Destroying Democracy to Save it? Court Advances Effort to Block GOP Candidates from Ballots

Below is my column in the Hill on the recent decision of a federal judge to allow a challenge to Rep. Marjorie Taylor Greene (R., Ga.) from appearing on the ballot as an insurrectionist. In my view, the underlying claim is meritless. The theory, supported by figures like Harvard Professor Laurence Tribe, runs against the clear language and history of the Disqualification Clause of the 14th Amendment.

Here is the column:

As the country braces for the midterm elections, the left seems to be rallying behind three D’s: Democracy, Disinformation and Disqualification.

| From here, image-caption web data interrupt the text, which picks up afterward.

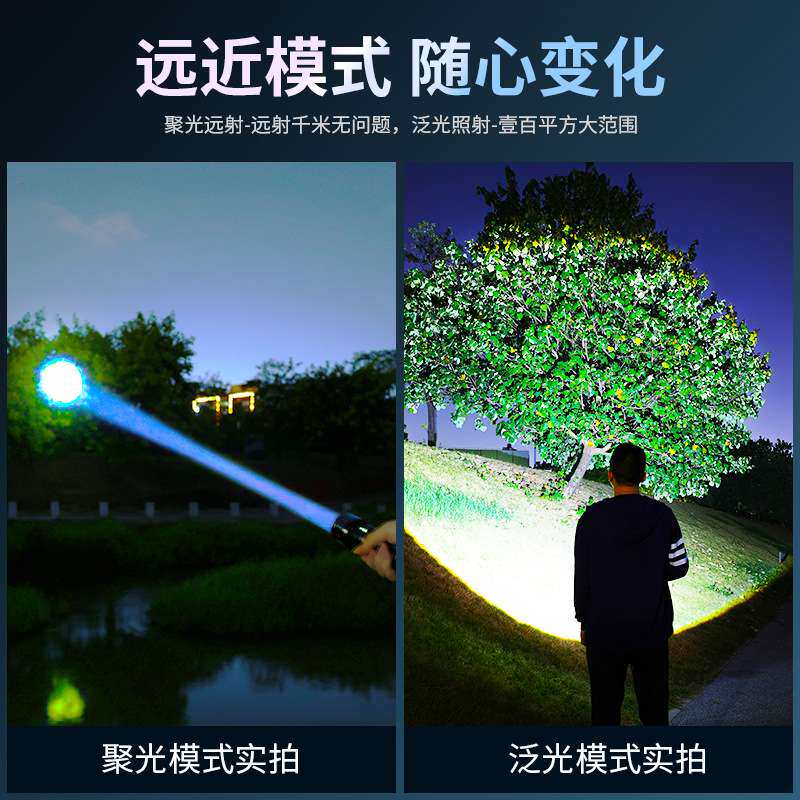 PK13手电筒变焦彩色荧光强光超亮远射长续航户外LED照明应急灯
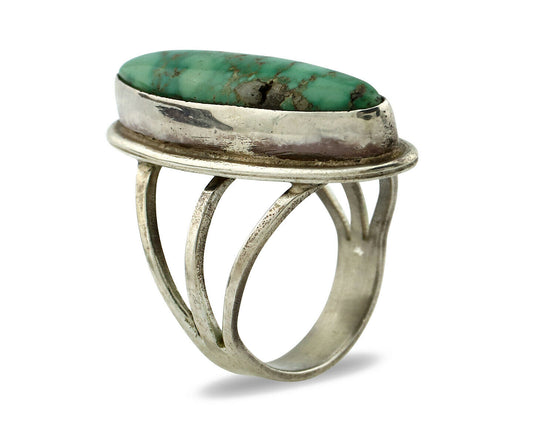Navajo Ring .925 Silver Natural Mined Green Turquoise Artist Signed P C.80's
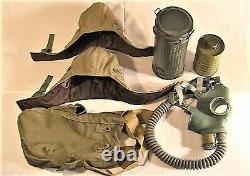 Original Set Vintage Military Ammunition Gas Mask Bottle Canteen Army Hat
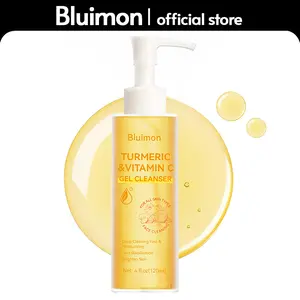 Bluimon Turmeric & Vitamin C Gel Cleanser 4 fl oz for Deep Cleansing Hydration Radiance Boosting Texture Refinement & Skin Barrier Support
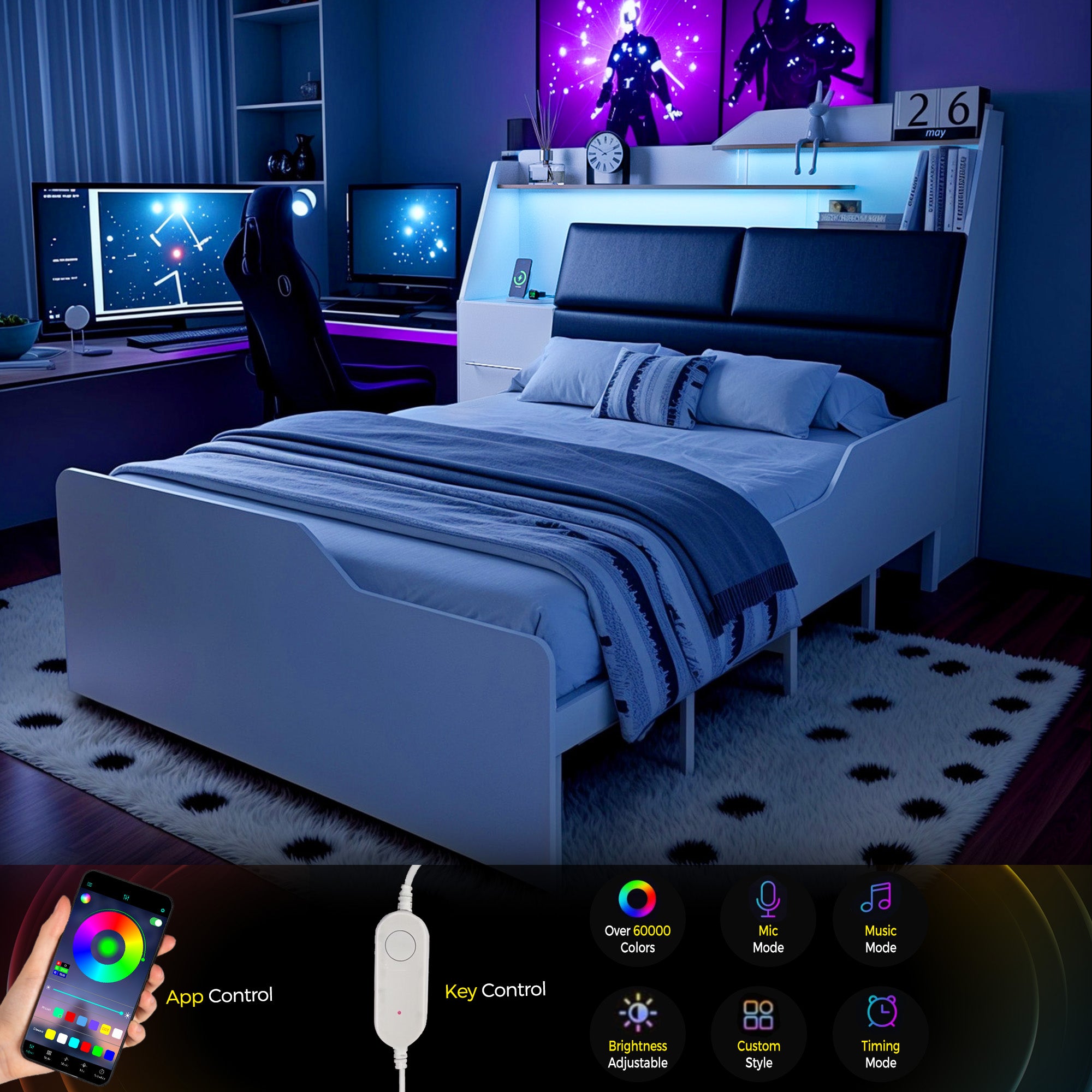 Advwin Platform Bed Frame with Foldable Desk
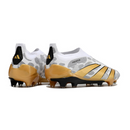 Chuteira Campo Adidas Predator 30 Elite Sem Cadarço FG Cinza e Dourada + MEIA DE BRINDE 🎁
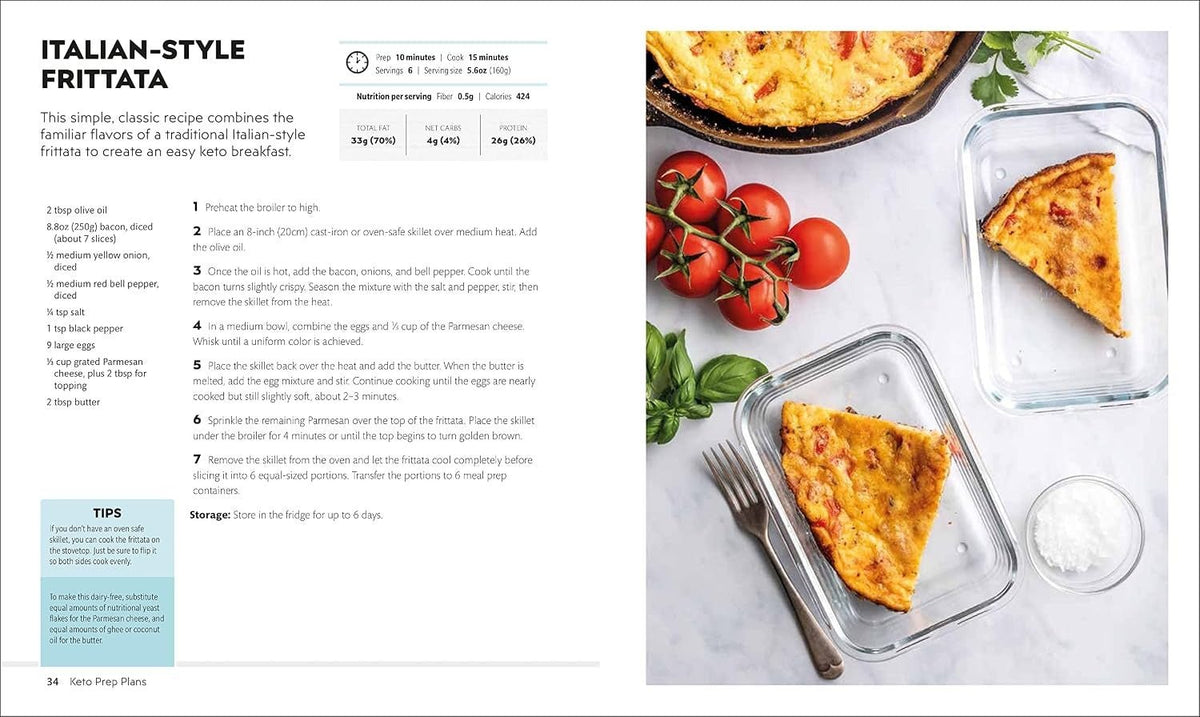 Easy Keto Meal Prep by Aaron Day featuring a baked Italian-style frittata recipe prepared in glass meal prep containers for keto and low carb diets.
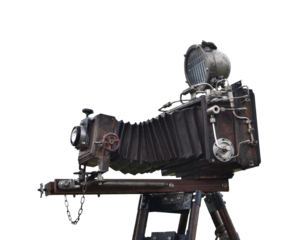 vintage film camera large format on tripod in steampunk style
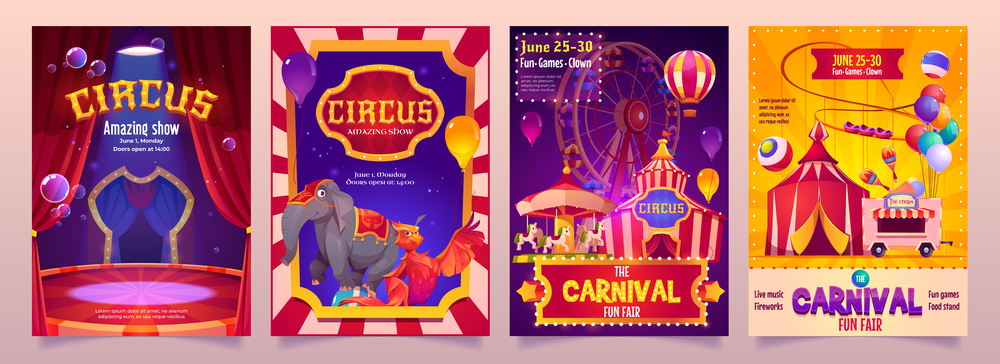 Circus show banners, big top tent carnival entertainment with elephant, phoenix on stage, ice cream booth and carousel. Invitation flyers, tickets to funfair amusement park, cartoon vector posters set. Circus show banners, big top tent carnival flyers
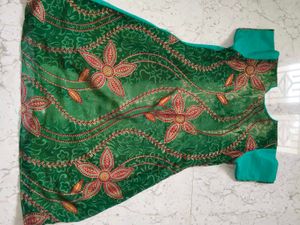 Green Floral Patchwork Dress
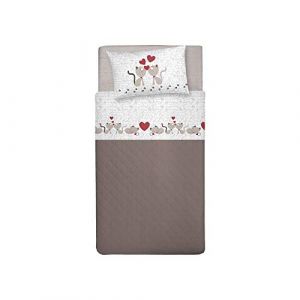 PENSIERI DELICATI Parure de lit 1 Place 100% Coton 90x200 avec Drap Inférieur, Drap supérieur et 1 Taie d'oreiller, Made in Italy, Chatons Beige Fantaisie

The latter effort just received a huge boost from a judge in Georgia who has allowed a challenge to knock Rep. Marjorie Taylor Greene (R-Ga.) off the ballot as an insurrectionist. Nothing says “democracy” like preventing others from voting.

Many of us have criticized Greene for her inflammatory rhetoric and her extreme views. No less dangerous, though, is the means being used by some of Greene’s critics to get rid of her. It is all part of a new movement to defend democracy by denying it. To paraphrase the Vietnam strategy, democracy can only be saved by destroying it through the denial of speech or the right to vote.

Many Democratic politicians and pundits have long pushed for censorship as vital to freedom. However, if such freedom-is-tyranny claims seem Orwellian, they are nothing compared to the push to disqualify dozens of candidates from appearing on ballots.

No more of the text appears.